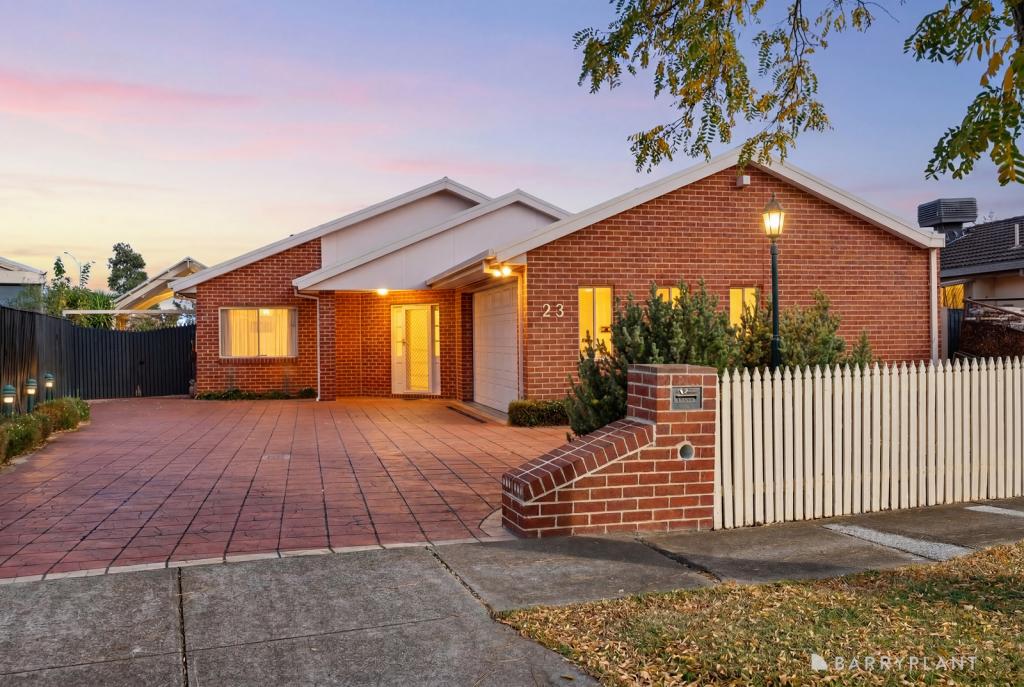 23 Lagarna Dr, Kurunjang, VIC 3337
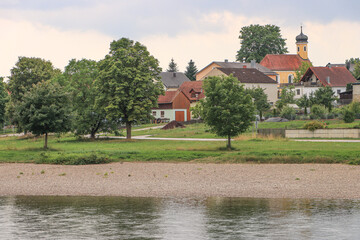 Donauufer in Stausacker gegenüber von Weltenburg mit St. Andreas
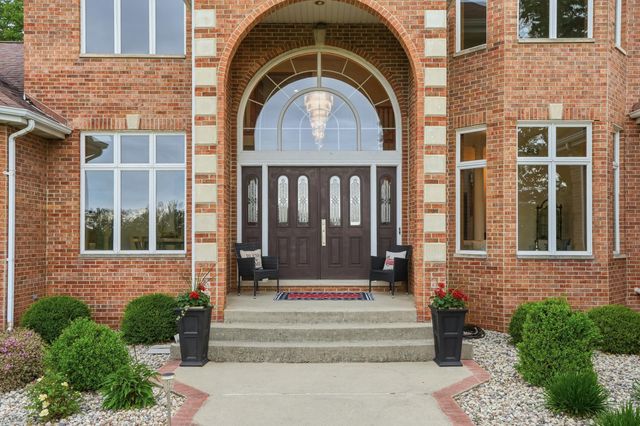 3000 E 121st Avenue, Crown Point, IN 46307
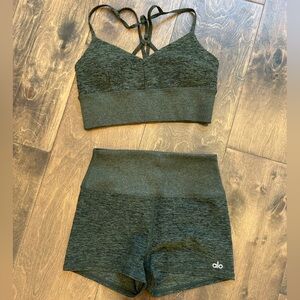 ALO Yoga Matching Set Sports Bra and Biker Short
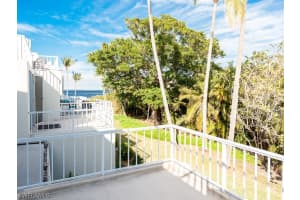 200 Periwinkle Way UNIT 220, Sanibel, FL 33957, Sold 02/12/18
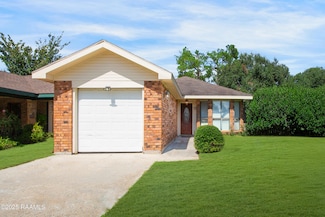 210 Denier Dr, Lafayette, LA 70508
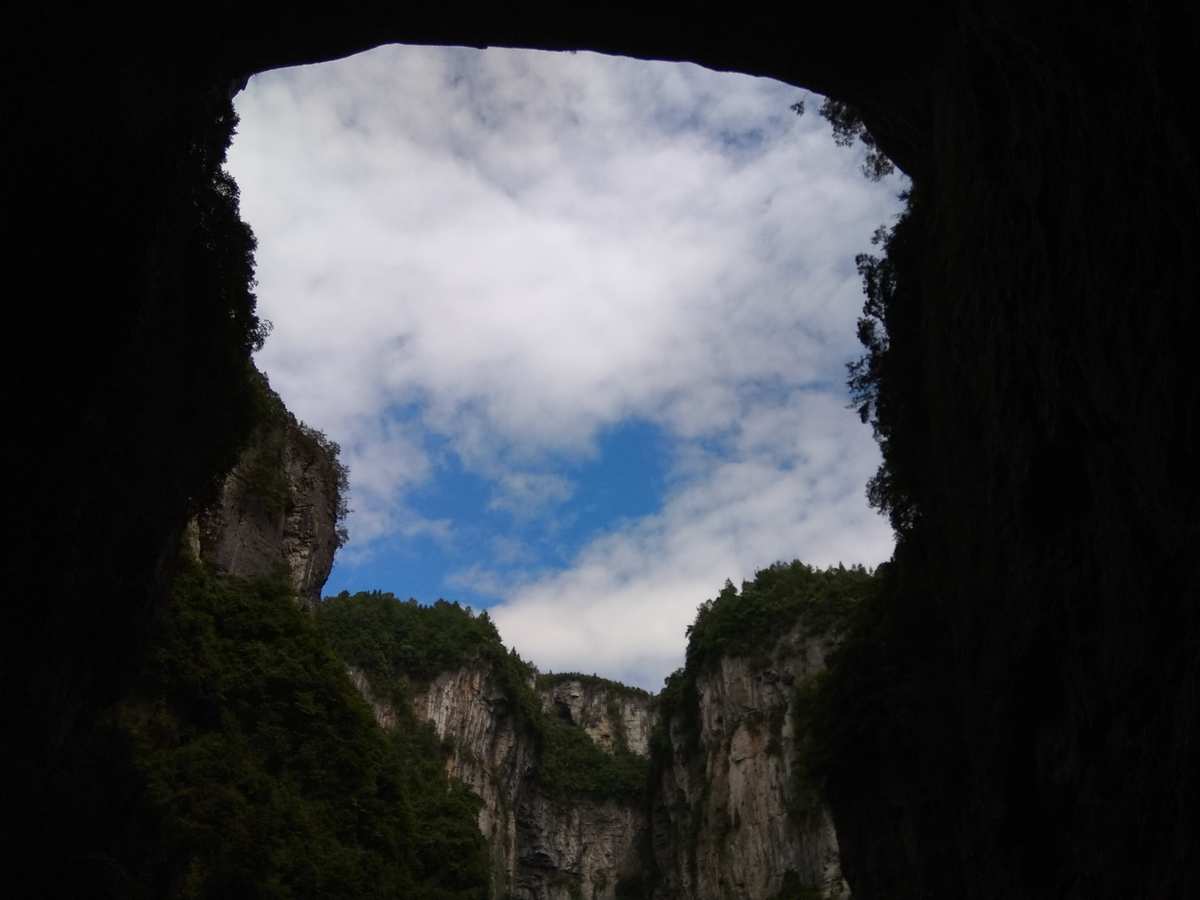 重庆洞穴：地下宫殿的壮丽奇观！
|---|
● **WHAT IS REQUIRED**:
Word for word, please reproduce each entry above and leave out every picture.

● **SOLUTION TO THIS EXERCISE**:
 23 Lagarna Dr, Kurunjang, VIC 3337
 Donauufer in Stausacker gegenüber von Weltenburg mit St. Andreas
 3000 E 121st Avenue, Crown Point, IN 46307
 ALO Yoga Matching Set Sports Bra and Biker Short
 200 Periwinkle Way UNIT 220, Sanibel, FL 33957, Sold 02/12/18
 210 Denier Dr, Lafayette, LA 70508
 重庆洞穴：地下宫殿的壮丽奇观！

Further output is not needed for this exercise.